Department of Biochemistry, School of Life Sciences (SLS), Federal University of Technology Akure, P.M.B 704, Akure, Nigeria.

*Author to whom correspondence should be addressed.


Heavy metals, generally characterized by high densities and atomic weights, are ubiquitous in the environment and are a public health concern due to the several health issues they pose to humans. Of all heavy metals, lead and cadmium among others are known to be capable of inducing multiple health effects even at a low rate of exposure. Hypertension (HYP), a major cause of death and a risk factor for other cardiovascular diseases, is known to be caused by both lead and cadmium. While the mechanism underlying the development of HYP induced by independent exposure to lead and cadmium has been well studied, the mechanism underlying the induction and progression of HYP upon lead and cadmium co-exposure remains mildly explored. Hence, this study aimed to elucidate the mechanism using a toxicogenomic approach. The set of genes affected by both heavy  metals was identified using the comparative toxicogenomics database (CTD) while HYP targets were retrieved from the Gene Cards database. The shared genes between the heavy metals and the disease were identified and subjected to further analysis. The results of our analysis revealed the signaling pathways that are dysregulated by lead and cadmium co-exposure while oxidative stress, inflammation, and endothelial dysfunction were revealed as processes pertinent to the induction and progression of HYP by lead and cadmium co-exposure.
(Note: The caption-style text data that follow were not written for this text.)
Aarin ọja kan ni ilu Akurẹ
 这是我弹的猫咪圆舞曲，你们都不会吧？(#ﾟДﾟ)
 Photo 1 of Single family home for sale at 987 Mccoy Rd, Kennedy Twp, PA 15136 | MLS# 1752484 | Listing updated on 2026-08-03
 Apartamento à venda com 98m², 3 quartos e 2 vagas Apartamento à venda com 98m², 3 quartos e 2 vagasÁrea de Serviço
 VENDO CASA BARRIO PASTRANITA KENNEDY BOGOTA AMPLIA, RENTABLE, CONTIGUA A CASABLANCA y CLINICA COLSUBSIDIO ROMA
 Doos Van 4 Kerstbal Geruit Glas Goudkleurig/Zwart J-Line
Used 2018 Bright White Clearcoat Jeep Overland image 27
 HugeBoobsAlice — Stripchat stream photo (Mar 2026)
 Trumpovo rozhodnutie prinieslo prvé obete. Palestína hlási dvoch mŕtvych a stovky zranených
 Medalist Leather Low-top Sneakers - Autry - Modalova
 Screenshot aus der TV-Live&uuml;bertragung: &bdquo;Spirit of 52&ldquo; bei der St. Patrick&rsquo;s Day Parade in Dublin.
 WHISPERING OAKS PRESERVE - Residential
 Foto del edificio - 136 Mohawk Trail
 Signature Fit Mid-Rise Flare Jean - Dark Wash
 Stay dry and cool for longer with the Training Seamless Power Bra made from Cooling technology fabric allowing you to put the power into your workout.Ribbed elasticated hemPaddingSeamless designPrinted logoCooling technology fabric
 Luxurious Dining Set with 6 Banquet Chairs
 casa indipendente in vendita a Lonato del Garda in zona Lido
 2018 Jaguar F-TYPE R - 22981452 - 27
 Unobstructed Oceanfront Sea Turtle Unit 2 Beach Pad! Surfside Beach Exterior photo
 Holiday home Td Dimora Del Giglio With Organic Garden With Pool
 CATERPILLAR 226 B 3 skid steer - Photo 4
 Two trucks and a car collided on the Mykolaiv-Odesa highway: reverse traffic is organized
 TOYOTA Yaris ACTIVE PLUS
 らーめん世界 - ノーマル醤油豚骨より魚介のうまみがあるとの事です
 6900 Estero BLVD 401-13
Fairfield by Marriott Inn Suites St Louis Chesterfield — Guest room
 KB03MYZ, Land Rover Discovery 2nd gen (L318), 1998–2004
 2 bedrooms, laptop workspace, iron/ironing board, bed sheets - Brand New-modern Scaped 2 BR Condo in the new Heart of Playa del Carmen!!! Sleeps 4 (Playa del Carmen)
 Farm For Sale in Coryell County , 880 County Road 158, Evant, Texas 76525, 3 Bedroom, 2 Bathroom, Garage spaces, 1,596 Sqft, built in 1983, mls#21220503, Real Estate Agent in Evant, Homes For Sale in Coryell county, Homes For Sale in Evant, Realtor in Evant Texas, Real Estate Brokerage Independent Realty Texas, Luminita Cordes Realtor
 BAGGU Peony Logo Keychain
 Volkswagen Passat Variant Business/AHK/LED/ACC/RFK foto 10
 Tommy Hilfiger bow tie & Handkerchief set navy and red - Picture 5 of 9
Biomarkers that could be used for prognosis evaluation were also identified. Ultimately, this study supports and advances the growing body of finding on the roles played by lead and cadmium co-exposure in inducing HYP.

Keywords: Hypertension (HYP), heavy metals, lead, cadmium, signaling pathways

How to Cite

Olukunle , O. F., & Omoboyede , V. (2023). Network-based Toxicogenomics Approach to Unraveling the Influence of Lead and Cadmium Mixture on the Development and Progression of Hypertension . Biotechnology Journal International, 27(2), 24–34.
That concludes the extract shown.